I don't oppose all wars. What I am opposed to is a dumb war. What I am opposed to is a rash war. What I am opposed to is the cynical attempt by Richard Perle and Paul Wolfowitz and other armchair, weekend warriors in this administration to shove their own ideological agendas down our throats, irrespective of the costs in lives lost and in hardships borne. What I am opposed to is the attempt by political hacks like Karl Rove to distract us from a rise in the uninsured, a rise in the poverty rate, a drop in the median income, to distract us from corporate scandals and a stock market that has just gone through the worst month since the Great Depression.

That's what I'm opposed to. A dumb war. A rash war. A war based not on reason but on passion, not on principle but on politics.

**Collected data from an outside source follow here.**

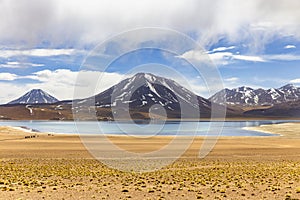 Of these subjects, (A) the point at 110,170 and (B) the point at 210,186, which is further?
(A) the point at 110,170

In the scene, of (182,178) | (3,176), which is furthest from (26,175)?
(182,178)

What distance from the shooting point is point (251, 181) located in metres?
26.5

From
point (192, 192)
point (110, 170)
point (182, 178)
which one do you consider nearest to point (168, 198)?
point (192, 192)

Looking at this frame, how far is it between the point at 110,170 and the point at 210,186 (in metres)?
11.4

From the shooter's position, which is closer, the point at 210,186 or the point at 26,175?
the point at 210,186

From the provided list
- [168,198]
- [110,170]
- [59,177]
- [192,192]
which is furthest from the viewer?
[110,170]

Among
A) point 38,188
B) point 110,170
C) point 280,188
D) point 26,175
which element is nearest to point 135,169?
point 110,170

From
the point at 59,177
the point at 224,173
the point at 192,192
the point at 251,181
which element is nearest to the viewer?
the point at 192,192

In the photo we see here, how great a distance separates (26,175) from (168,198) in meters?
13.5

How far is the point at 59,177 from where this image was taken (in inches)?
1120

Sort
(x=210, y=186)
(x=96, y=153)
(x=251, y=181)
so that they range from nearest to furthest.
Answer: (x=210, y=186) < (x=251, y=181) < (x=96, y=153)

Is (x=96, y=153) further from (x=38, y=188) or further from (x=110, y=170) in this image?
(x=38, y=188)

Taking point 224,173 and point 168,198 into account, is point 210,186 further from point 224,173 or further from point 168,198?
point 224,173

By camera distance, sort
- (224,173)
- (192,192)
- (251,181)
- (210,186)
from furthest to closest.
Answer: (224,173), (251,181), (210,186), (192,192) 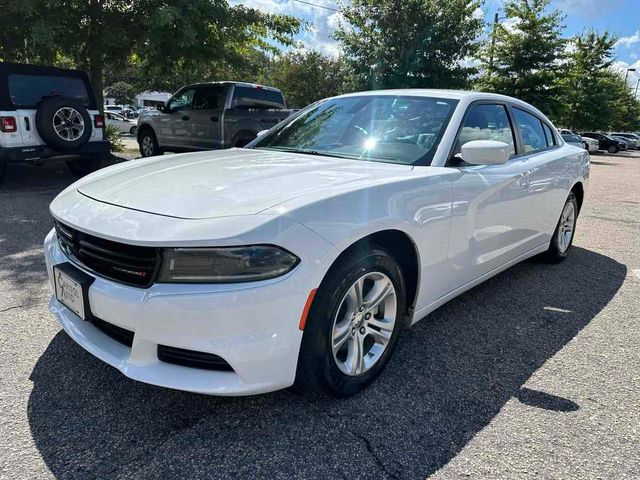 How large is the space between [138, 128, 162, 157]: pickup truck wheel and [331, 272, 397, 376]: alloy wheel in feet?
33.9

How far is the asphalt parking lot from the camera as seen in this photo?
1.99 m

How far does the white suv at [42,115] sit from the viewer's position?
7047 mm

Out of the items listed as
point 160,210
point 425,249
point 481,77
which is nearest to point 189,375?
point 160,210

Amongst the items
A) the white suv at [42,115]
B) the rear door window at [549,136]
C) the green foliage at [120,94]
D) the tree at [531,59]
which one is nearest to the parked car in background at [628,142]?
the tree at [531,59]

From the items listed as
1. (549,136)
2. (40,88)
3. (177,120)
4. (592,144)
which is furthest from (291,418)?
(592,144)

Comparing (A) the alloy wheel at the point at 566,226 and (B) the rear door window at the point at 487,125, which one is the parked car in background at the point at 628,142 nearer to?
(A) the alloy wheel at the point at 566,226

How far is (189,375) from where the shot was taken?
1986mm

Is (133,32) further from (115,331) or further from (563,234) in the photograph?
(115,331)

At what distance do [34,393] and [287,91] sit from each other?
42.2 m

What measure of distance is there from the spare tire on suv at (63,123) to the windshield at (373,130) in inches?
194

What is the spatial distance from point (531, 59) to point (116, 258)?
85.3ft

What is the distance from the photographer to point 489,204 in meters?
3.18

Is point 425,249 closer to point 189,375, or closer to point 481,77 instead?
point 189,375

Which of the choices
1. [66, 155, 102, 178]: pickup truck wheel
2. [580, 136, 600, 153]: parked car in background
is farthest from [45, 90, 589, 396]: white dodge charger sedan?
[580, 136, 600, 153]: parked car in background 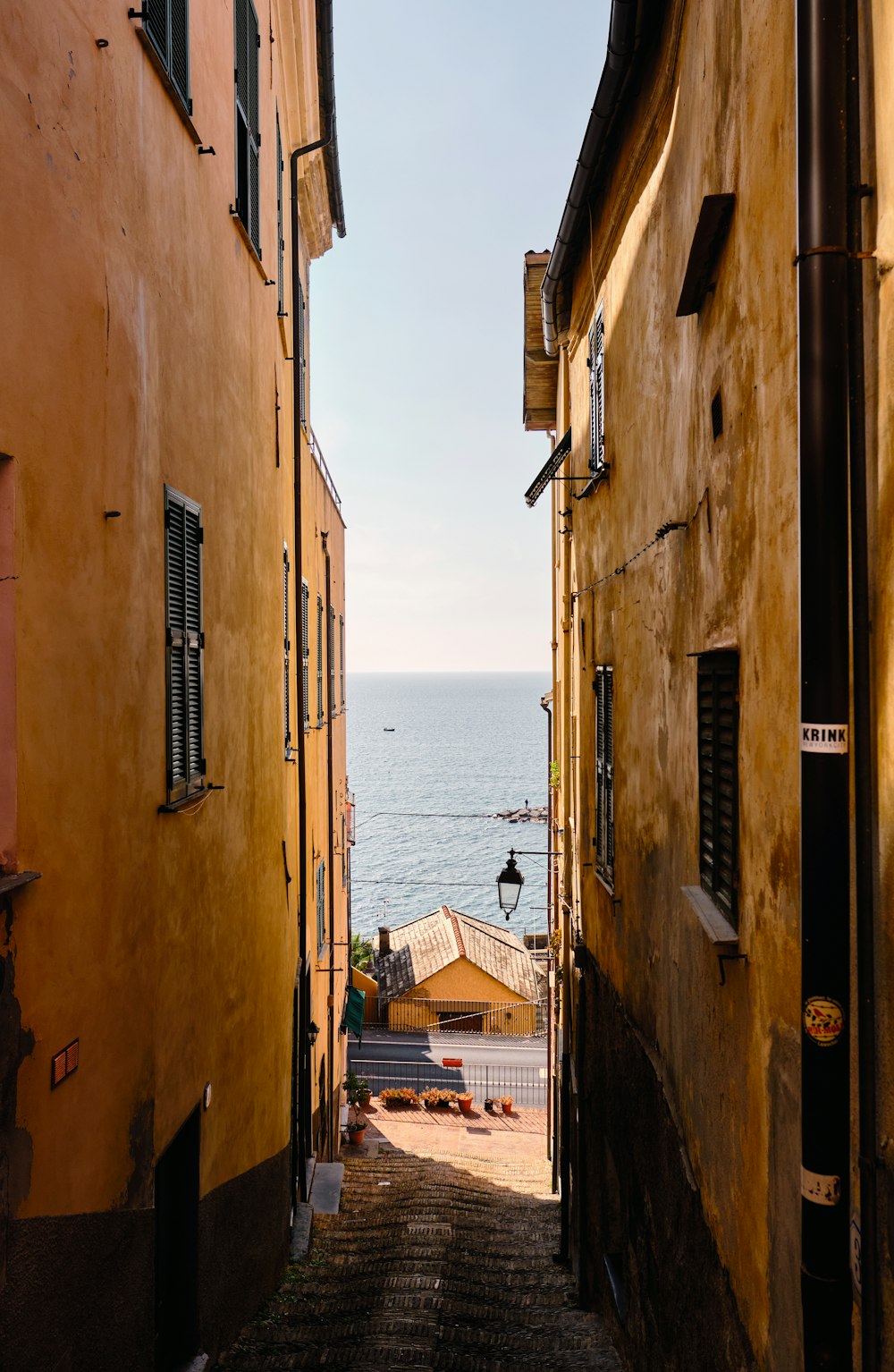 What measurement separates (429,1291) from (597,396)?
26.6ft

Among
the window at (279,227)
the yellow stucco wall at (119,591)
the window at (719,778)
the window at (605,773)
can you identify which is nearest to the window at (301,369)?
the window at (279,227)

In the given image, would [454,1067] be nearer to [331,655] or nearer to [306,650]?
[331,655]

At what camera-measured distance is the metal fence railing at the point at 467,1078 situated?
28.0 metres

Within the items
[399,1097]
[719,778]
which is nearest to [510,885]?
[719,778]

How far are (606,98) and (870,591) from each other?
5494 millimetres

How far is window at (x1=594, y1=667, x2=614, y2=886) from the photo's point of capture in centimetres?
871

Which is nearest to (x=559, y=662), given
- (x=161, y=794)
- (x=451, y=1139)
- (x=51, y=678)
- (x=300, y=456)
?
(x=300, y=456)

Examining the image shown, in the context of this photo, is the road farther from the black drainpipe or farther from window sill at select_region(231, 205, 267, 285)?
window sill at select_region(231, 205, 267, 285)

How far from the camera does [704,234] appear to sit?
4613mm

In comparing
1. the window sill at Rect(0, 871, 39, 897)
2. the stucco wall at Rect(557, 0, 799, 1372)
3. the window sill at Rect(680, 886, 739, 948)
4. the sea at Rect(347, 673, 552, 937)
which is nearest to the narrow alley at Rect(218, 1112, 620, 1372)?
the stucco wall at Rect(557, 0, 799, 1372)

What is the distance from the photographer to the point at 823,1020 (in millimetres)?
2889

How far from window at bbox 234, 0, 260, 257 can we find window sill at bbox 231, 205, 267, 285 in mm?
37

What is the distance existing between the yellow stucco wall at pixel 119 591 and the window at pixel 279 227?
6.98ft

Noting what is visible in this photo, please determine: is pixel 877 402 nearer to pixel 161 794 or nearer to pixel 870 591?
pixel 870 591
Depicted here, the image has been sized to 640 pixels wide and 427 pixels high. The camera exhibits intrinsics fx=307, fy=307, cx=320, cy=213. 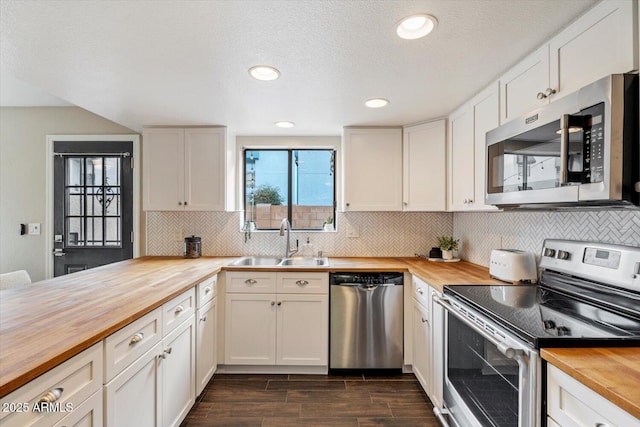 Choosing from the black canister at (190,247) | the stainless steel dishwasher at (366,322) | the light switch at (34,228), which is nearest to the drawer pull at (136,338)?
the stainless steel dishwasher at (366,322)

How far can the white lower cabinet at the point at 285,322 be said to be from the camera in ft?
8.32

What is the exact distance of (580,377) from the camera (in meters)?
0.84

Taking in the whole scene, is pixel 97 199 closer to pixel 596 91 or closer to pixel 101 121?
pixel 101 121

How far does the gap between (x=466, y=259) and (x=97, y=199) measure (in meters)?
3.70

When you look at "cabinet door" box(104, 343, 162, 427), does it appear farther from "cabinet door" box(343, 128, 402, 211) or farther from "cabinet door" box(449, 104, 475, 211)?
"cabinet door" box(449, 104, 475, 211)

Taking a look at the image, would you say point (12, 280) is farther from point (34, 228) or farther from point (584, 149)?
point (584, 149)

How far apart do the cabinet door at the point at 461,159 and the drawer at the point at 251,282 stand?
1.59 meters

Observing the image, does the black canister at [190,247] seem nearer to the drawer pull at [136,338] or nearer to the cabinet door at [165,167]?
the cabinet door at [165,167]

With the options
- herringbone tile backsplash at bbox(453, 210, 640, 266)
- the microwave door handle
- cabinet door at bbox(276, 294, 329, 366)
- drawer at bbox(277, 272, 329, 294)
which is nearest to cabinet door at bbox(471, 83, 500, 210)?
herringbone tile backsplash at bbox(453, 210, 640, 266)

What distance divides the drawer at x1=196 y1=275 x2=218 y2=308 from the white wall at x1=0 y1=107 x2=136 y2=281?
6.38 ft

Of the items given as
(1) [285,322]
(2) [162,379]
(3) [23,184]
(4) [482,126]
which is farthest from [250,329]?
(3) [23,184]

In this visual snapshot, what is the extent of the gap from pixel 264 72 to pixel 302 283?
1.60 meters

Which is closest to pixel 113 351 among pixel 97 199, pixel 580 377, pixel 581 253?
pixel 580 377

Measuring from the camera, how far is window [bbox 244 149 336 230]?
3.37 meters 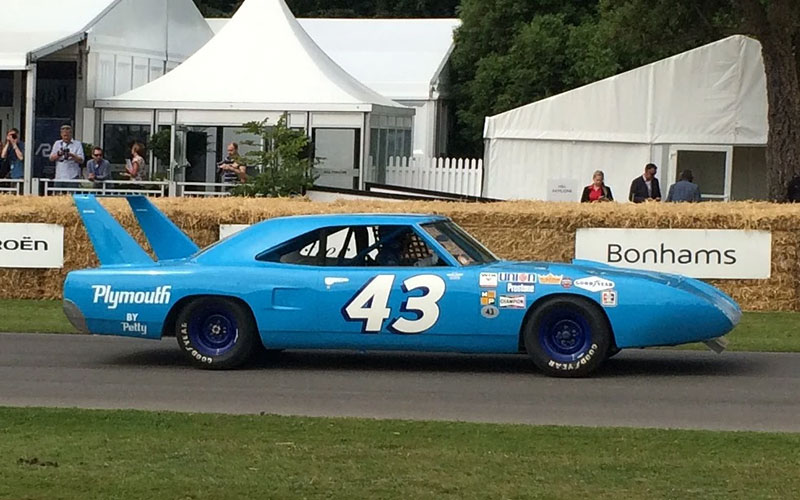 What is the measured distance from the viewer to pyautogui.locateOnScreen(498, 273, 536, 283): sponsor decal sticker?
444 inches

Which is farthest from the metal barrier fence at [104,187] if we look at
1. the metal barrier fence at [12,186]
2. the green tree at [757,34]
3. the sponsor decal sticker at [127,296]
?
the sponsor decal sticker at [127,296]

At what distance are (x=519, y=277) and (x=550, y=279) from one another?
0.24 m

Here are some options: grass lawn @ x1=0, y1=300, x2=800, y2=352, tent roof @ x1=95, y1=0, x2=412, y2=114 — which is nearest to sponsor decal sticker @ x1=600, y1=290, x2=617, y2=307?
grass lawn @ x1=0, y1=300, x2=800, y2=352

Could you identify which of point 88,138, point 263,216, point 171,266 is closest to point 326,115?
point 88,138

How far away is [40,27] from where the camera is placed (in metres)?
29.9

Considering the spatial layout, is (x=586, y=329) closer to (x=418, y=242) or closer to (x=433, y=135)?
(x=418, y=242)

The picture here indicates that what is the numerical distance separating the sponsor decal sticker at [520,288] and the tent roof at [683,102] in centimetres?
1765

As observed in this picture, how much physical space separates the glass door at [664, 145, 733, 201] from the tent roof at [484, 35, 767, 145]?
0.78 ft

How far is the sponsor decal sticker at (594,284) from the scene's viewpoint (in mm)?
11164

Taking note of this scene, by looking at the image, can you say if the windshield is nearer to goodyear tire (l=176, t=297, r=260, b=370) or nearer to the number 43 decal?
the number 43 decal

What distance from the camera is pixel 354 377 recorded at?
11.4 metres

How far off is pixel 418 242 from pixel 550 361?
4.71ft

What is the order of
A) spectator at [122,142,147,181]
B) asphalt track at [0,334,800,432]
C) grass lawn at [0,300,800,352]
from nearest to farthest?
asphalt track at [0,334,800,432], grass lawn at [0,300,800,352], spectator at [122,142,147,181]

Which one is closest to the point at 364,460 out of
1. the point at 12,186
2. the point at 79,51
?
the point at 12,186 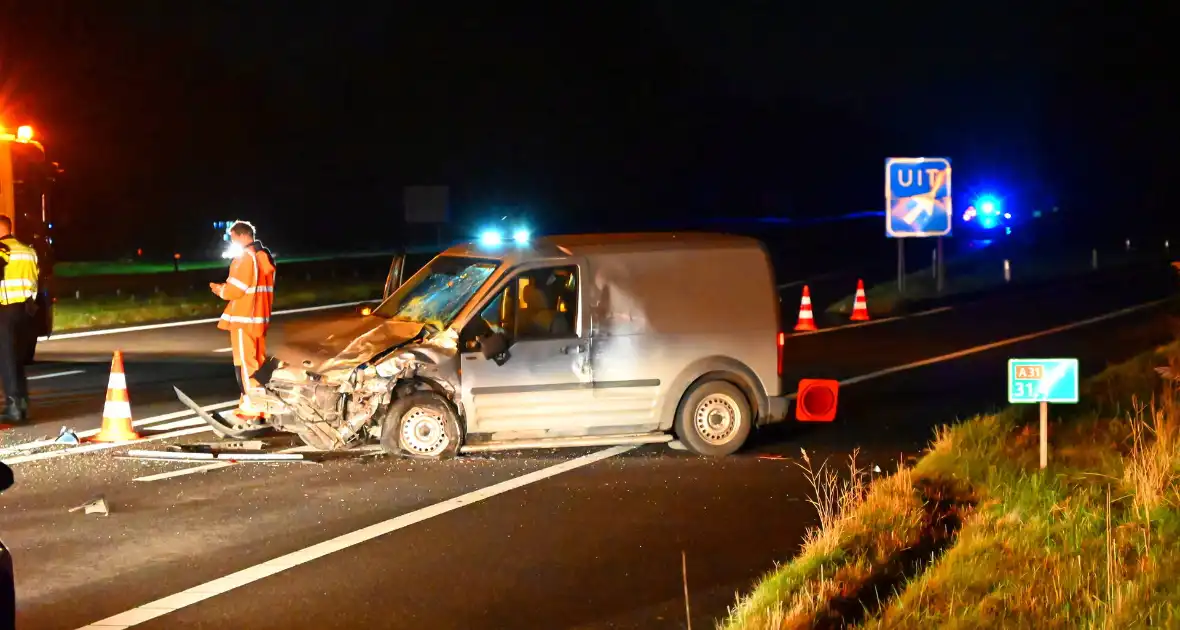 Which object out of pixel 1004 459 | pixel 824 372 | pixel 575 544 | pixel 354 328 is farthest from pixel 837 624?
pixel 824 372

Now let me be clear: I suffer no illusions about Saddam Hussein. He is a brutal man. A ruthless man. A man who butchers his own people to secure his own power.... The world, and the Iraqi people, would be better off without him. But I also know that Saddam poses no imminent and direct threat to the United States, or to his neighbors...and that in concert with the international community he can be contained until, in the way of all petty dictators, he falls away into the dustbin of history.

I know that even a successful war against Iraq will require a U.S. occupation of undetermined length, at undetermined cost, with undetermined consequences. I know that an invasion of Iraq without a clear rationale and without strong international support will only fan the flames of the Middle East, and encourage the worst, rather than best, impulses of the Arab world, and strengthen the recruitment arm of al-Qaeda.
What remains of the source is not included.